What to produce: What you return must be an exact copy of the lines in the listing below between the line holding "जनप्रतिनिधि र कर्मचारीको" and the line holding "Dyson V8 Cordless", inclusive, and nothing more.

=======

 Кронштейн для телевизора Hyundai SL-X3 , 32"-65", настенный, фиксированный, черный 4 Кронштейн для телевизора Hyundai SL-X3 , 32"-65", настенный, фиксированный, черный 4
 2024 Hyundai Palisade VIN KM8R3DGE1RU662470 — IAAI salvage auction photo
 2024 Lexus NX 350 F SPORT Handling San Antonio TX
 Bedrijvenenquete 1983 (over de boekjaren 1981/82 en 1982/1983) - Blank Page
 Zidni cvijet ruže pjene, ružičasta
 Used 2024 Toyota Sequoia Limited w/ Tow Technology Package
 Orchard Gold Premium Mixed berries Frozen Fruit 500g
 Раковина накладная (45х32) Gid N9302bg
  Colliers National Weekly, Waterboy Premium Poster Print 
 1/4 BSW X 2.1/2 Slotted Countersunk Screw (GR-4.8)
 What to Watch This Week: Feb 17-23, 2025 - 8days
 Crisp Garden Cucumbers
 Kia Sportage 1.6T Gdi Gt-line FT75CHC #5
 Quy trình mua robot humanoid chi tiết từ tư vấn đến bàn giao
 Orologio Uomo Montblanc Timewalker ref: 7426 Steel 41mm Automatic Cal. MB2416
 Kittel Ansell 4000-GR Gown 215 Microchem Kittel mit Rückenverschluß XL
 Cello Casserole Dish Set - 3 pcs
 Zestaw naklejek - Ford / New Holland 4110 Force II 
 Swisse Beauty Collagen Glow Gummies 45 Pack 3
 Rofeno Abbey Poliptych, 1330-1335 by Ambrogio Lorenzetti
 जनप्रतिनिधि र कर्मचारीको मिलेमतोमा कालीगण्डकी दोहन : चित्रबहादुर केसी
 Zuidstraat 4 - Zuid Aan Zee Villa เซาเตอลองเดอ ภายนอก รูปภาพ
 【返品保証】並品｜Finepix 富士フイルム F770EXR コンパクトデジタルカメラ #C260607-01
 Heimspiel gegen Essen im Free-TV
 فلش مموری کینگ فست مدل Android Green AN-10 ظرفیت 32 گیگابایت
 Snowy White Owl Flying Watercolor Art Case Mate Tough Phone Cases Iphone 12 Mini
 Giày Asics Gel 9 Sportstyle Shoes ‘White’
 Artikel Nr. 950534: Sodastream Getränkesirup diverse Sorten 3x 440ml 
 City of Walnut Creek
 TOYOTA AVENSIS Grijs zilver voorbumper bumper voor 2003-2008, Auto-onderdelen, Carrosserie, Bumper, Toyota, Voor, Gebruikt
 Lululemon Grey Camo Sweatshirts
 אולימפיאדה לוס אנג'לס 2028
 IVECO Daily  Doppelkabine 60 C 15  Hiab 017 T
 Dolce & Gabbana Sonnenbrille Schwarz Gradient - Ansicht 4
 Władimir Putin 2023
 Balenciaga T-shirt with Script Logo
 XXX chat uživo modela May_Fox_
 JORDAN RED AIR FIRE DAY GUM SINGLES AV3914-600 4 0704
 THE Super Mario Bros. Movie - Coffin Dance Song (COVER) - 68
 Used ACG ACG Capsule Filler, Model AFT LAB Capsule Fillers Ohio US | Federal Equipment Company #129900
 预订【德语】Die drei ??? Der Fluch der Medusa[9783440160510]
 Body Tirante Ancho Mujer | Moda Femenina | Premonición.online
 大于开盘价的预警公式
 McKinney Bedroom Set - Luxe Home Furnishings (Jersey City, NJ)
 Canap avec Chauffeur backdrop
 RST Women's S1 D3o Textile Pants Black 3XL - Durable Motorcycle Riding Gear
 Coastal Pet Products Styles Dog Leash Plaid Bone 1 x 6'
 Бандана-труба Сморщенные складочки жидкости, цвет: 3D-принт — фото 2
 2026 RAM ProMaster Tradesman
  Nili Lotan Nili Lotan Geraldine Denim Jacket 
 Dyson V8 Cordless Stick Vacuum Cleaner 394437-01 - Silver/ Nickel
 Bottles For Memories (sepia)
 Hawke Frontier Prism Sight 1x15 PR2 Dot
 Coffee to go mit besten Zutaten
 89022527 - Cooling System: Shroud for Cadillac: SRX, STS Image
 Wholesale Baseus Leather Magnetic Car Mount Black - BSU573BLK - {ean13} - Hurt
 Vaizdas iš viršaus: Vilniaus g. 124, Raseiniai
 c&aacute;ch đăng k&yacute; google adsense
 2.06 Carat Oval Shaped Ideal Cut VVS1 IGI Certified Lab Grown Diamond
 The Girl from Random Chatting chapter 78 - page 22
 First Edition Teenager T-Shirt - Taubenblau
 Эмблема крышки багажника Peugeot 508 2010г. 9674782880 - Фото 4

=======

The completed task:
 जनप्रतिनिधि र कर्मचारीको मिलेमतोमा कालीगण्डकी दोहन : चित्रबहादुर केसी
 Zuidstraat 4 - Zuid Aan Zee Villa เซาเตอลองเดอ ภายนอก รูปภาพ
 【返品保証】並品｜Finepix 富士フイルム F770EXR コンパクトデジタルカメラ #C260607-01
 Heimspiel gegen Essen im Free-TV
 فلش مموری کینگ فست مدل Android Green AN-10 ظرفیت 32 گیگابایت
 Snowy White Owl Flying Watercolor Art Case Mate Tough Phone Cases Iphone 12 Mini
 Giày Asics Gel 9 Sportstyle Shoes ‘White’
 Artikel Nr. 950534: Sodastream Getränkesirup diverse Sorten 3x 440ml 
 City of Walnut Creek
 TOYOTA AVENSIS Grijs zilver voorbumper bumper voor 2003-2008, Auto-onderdelen, Carrosserie, Bumper, Toyota, Voor, Gebruikt
 Lululemon Grey Camo Sweatshirts
 אולימפיאדה לוס אנג'לס 2028
 IVECO Daily  Doppelkabine 60 C 15  Hiab 017 T
 Dolce & Gabbana Sonnenbrille Schwarz Gradient - Ansicht 4
 Władimir Putin 2023
 Balenciaga T-shirt with Script Logo
 XXX chat uživo modela May_Fox_
 JORDAN RED AIR FIRE DAY GUM SINGLES AV3914-600 4 0704
 THE Super Mario Bros. Movie - Coffin Dance Song (COVER) - 68
 Used ACG ACG Capsule Filler, Model AFT LAB Capsule Fillers Ohio US | Federal Equipment Company #129900
 预订【德语】Die drei ??? Der Fluch der Medusa[9783440160510]
 Body Tirante Ancho Mujer | Moda Femenina | Premonición.online
 大于开盘价的预警公式
 McKinney Bedroom Set - Luxe Home Furnishings (Jersey City, NJ)
 Canap avec Chauffeur backdrop
 RST Women's S1 D3o Textile Pants Black 3XL - Durable Motorcycle Riding Gear
 Coastal Pet Products Styles Dog Leash Plaid Bone 1 x 6'
 Бандана-труба Сморщенные складочки жидкости, цвет: 3D-принт — фото 2
 2026 RAM ProMaster Tradesman
  Nili Lotan Nili Lotan Geraldine Denim Jacket 
 Dyson V8 Cordless Stick Vacuum Cleaner 394437-01 - Silver/ Nickel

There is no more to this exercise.